Originally, the two rocket pieces are traveling at the same speed: 6.50 x 10^3 m/s upwards. After the explosion, the top piece is traveling at speed Vt and the bottom piece is traveling at speed Vb. Their relative speed is 2.80 x 10^3 m/s. It's up to you, using conservation of momentum and the given data, to find the actual final speeds with respect to the ground.

I guess my question could be written a bit more simply as: by "two sections of equal mass that then move with a relative speed (relative to each other) of 2.80 x 10^3 m/s along the original line of motion" does it mean that piece 1 is traveling at 2.80 x 10^3 m/s in relation to piece 2 (which would be traveling at 0 m/s in relation to piece 1)?
Almost. The top piece is traveling at a relative speed of +2.80 x 10^3 m/s (up) with respect to the bottom piece and, conversely, the bottom piece is traveling at a relative speed of -2.80 x 10^3 m/s (down) with respect to the top piece. Note that I use + to mean "up" and - to mean "down".

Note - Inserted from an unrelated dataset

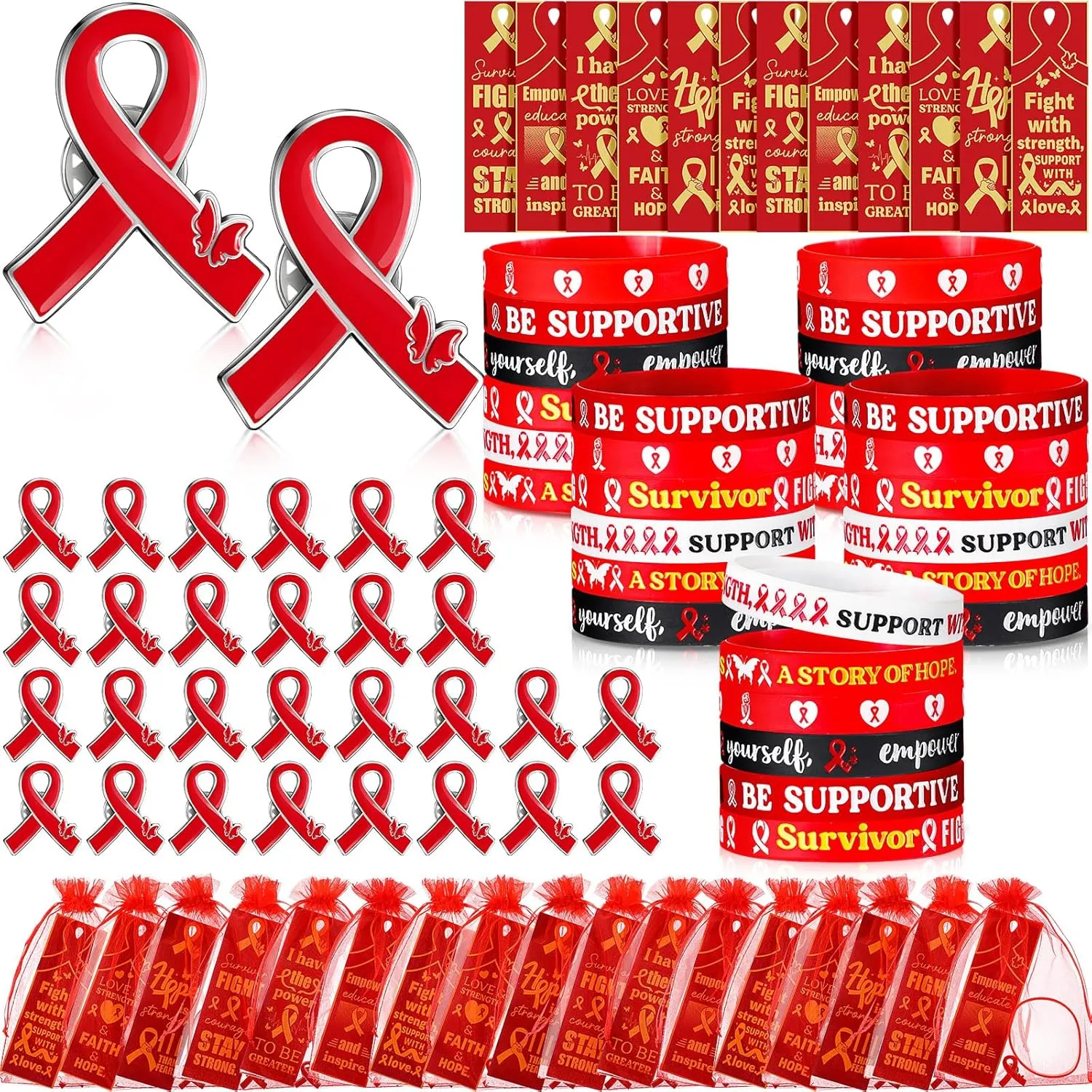 XunYee 120 Pcs Heart Health Awareness Silicone Wristband Bracelets with Red Ribbon Awareness Pins Bookmarks Heart Disease Cancer Awareness Supplies Bulk for Men Women Charity Events Gifts (Red)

does it mean that both pieces are traveling at 2.80 x 10^3 m/s and, if so, how is this possible considering one has to be slowed down and the other sped up by the force of the explosion?
It doesn't mean that.
how does direction factor into all of this?
By direction they mean sign. Is it going up or down? You know the top piece must be going up, since it picked up speed with the explosion. But the bottom piece may just slow down (and thus keep going up) or perhaps is now going in the opposite direction--down. That's part of what you need to figure out.

To solve this:
(1) Calling the final speeds Vt & Vb, write an equation for conservation of momentum.
(2) Write another equation for their relative velocity.